= Bicycle Trail of the Former Borderland =

The Bicycle Route of Former Borderland is a Polish bicycle tourist route, traced and marked in 2012. Also known as route No. 465, located entirely in the city of Sosnowiec, the route leads along the former border of Prussia and the Russian partition, going from center of the city to the historic Three Emperors' Corner. For the most part, the trail runs through green areas in parks, forests, and revidersides. On most sections, the trail leads in close proximity to the Brynica River.
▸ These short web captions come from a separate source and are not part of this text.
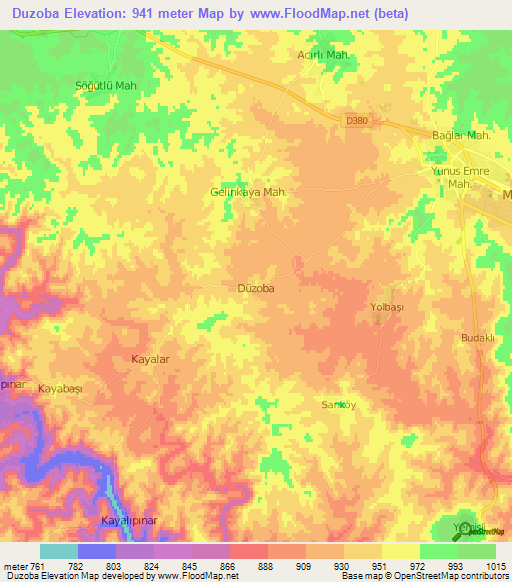 Duzoba,Turkey Elevation Map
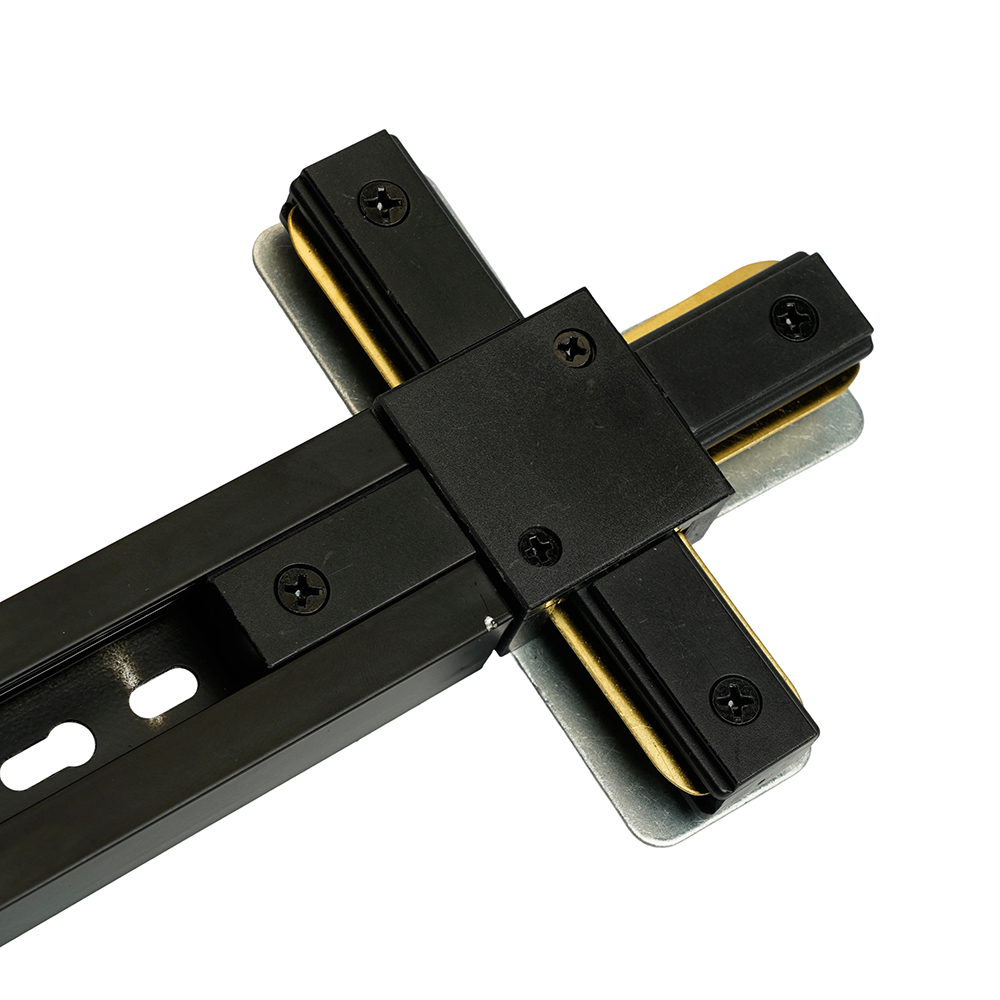 Коннектор Х-образный однофазный  для шинопровода , черный, LD1018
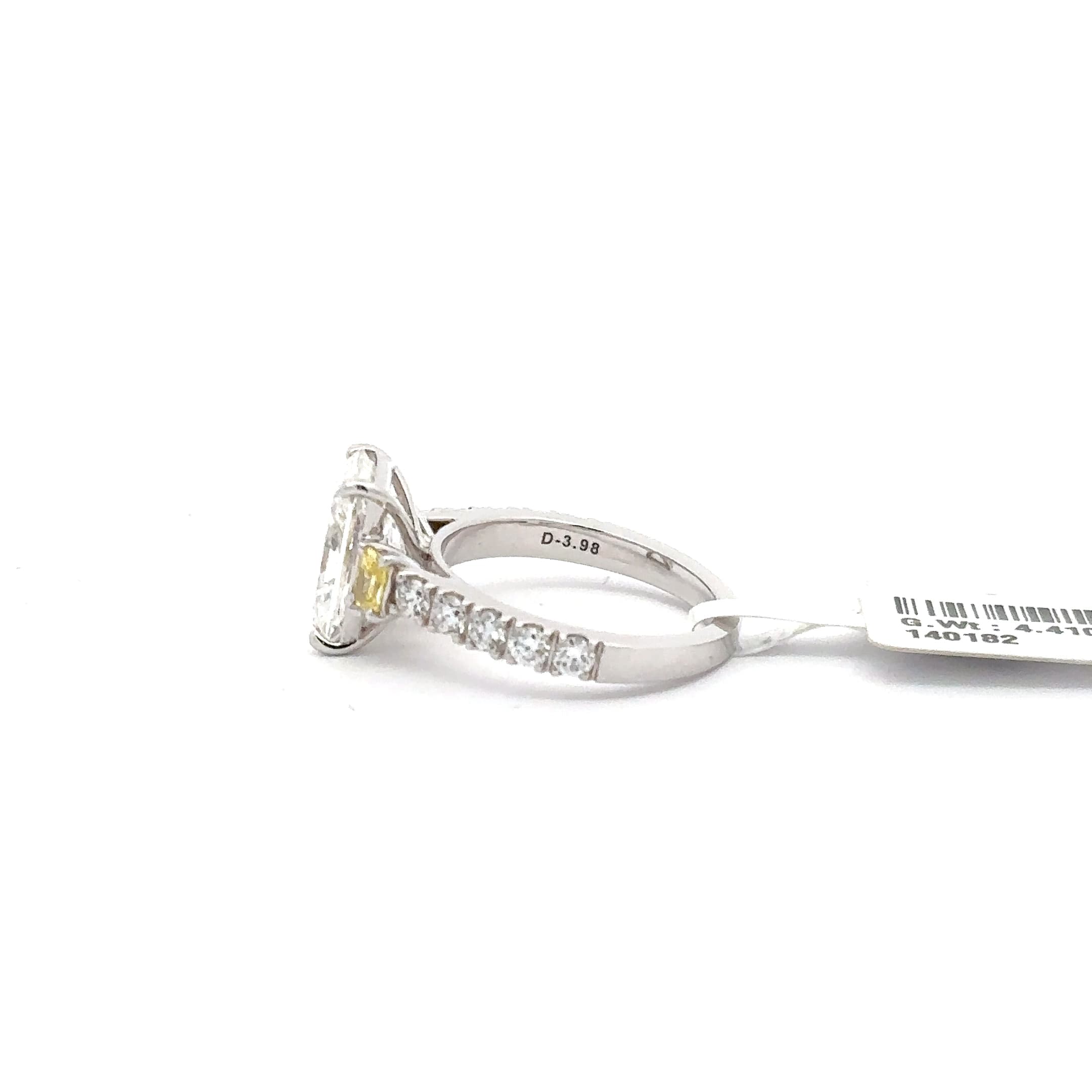 Emerald Cut Diamond White Gold Multistone Ring 3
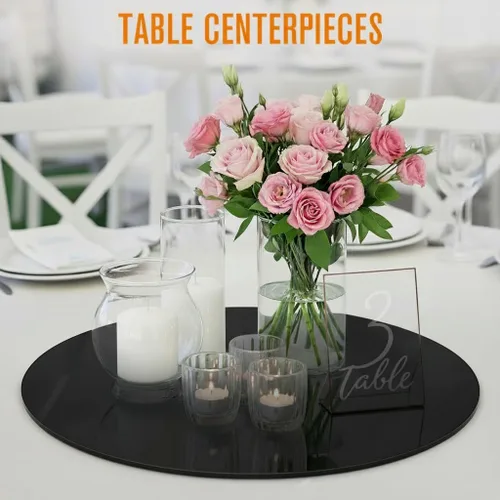 Vista 4 de Houseables Mirror Centerpieces for Tables, Round Mirrors for Centerpieces, Mirrored Trays, Round Table Plate Tray, Circle, Glass Charger, Wedding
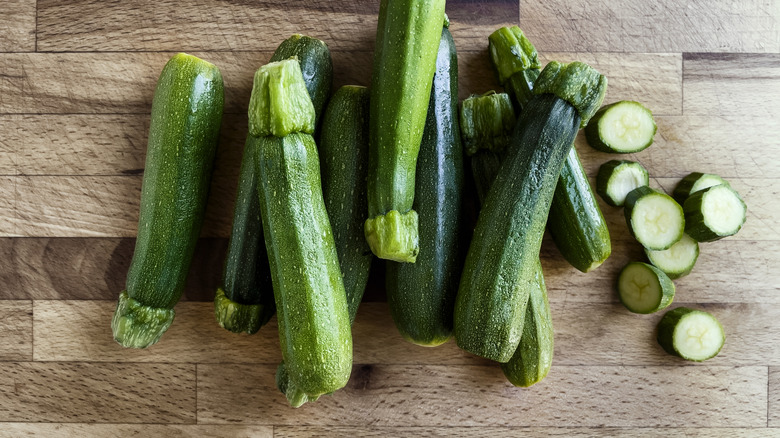 Smaller zucchini on cutting board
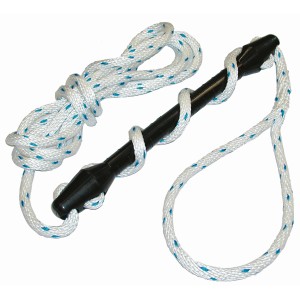 Seilflechter Forsheda Anlegefeder mit weiß-blauem Seil für Boote bis 7m.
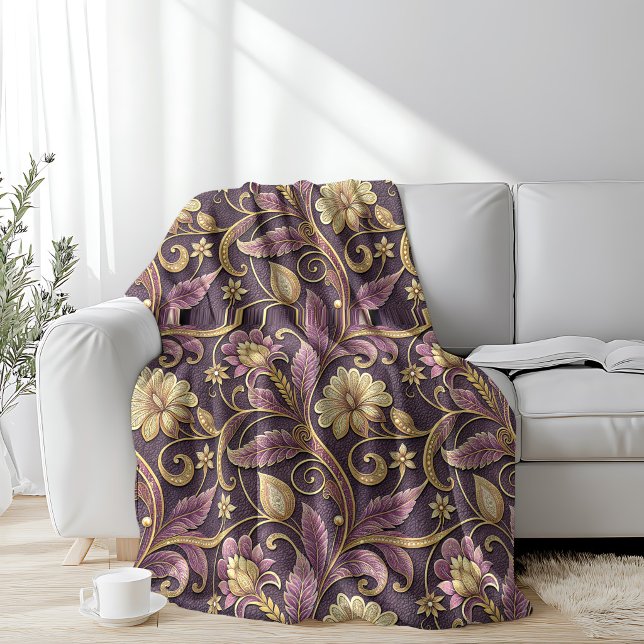 Cobertor De Velo Padrão de Flores Relevo Roxo e Dourado (Criador carregado)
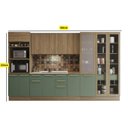 Ver imagem 2 de Armário de Cozinha Modulada Completa Reta 8 Peças 3,60m Botanic Kappesberg - Nogueira/Verde Oliva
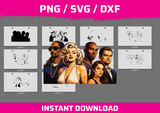 LA Characters instant download PNG SVG DXF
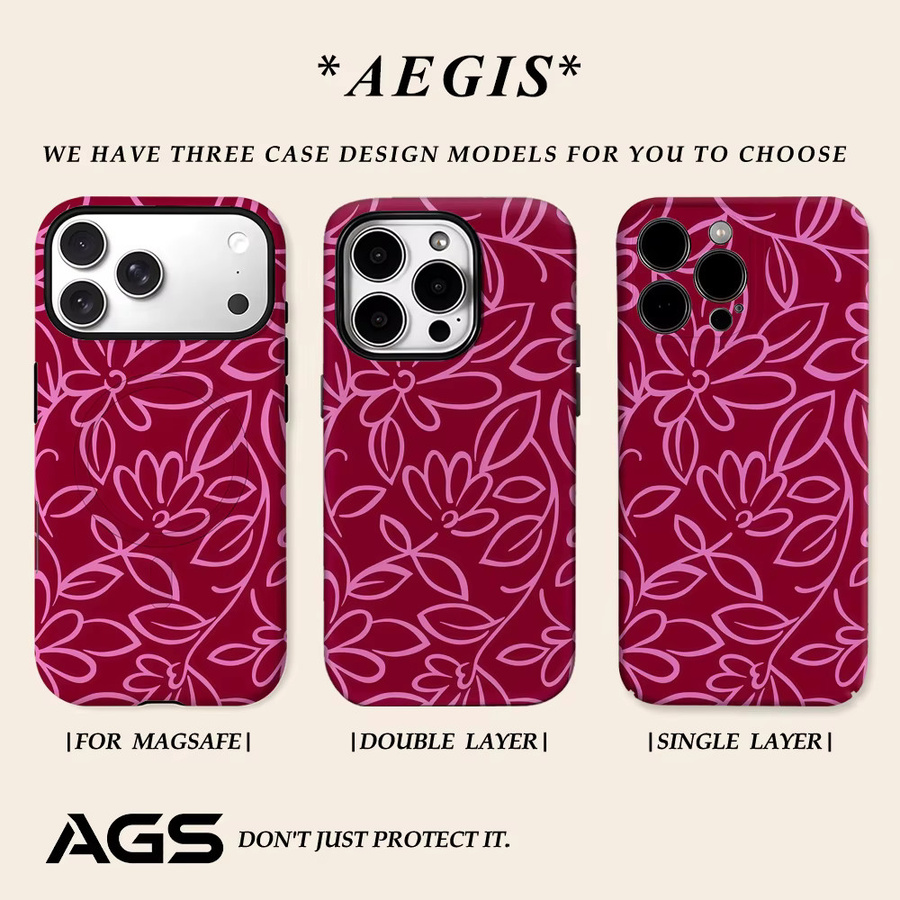 Potdemiel Minimal Art Floral Handyhülle in Pink für iPhone 17 16 15 14 13 Pro Max Plus mit magnetischer Double-Layer Tough Case Funktion - Bild 2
It is run along paths or dirt roads with little or no traffic.

== Tourist attractions ==
The trail runs in the immediate vicinity of recreational areas and tourist attractions:

- Millennium Park
- Fusinski Park together with the Exotarium,
- The "Szopienice-Borki" nature and landscape complex, including:
  - "Morawa" pond,
  - "Borki" pond,
  - the "Stawiki" pond,
  - "Hubertus" pond,
- the "Rybaczówka" resort,
- Sandy Pits at the Czarna Przemsza River,
- the Jewish cemetery in the Modrzejów district,
- Three Emperors' Corner

== Parameters ==

- marking: red;
- length: 10.2 km;
- surface: 97% dirt roads and paths

== Connection to other routes ==
- Black Sea Bicycle Trail leading from the Three Emperors Triangle to the Zagórski Forest and Park named after Jacek Kuroń; Connection near the Triangle, via a rampart along Biała Przemsza;
- Yellow Bicycle Trail - route No. 476 of the city of Jaworzno towards the Sosina Lagoon and the Dziećkowice Lagoon (via the Green Trail); Connection in the area of the Three Emperors Triangle, through the embankment on both sides of Biała Przemsza and the bridge over Biała Przemsza at Orląt Lwowskich Street.
- Bicycle route No. 5 - leading, among others, to the Three Ponds Valley in Katowice; Connection in the Borki district, near the bridge on Brynica and the bridge over S86 - a path (dirt road) goes off to the southwest.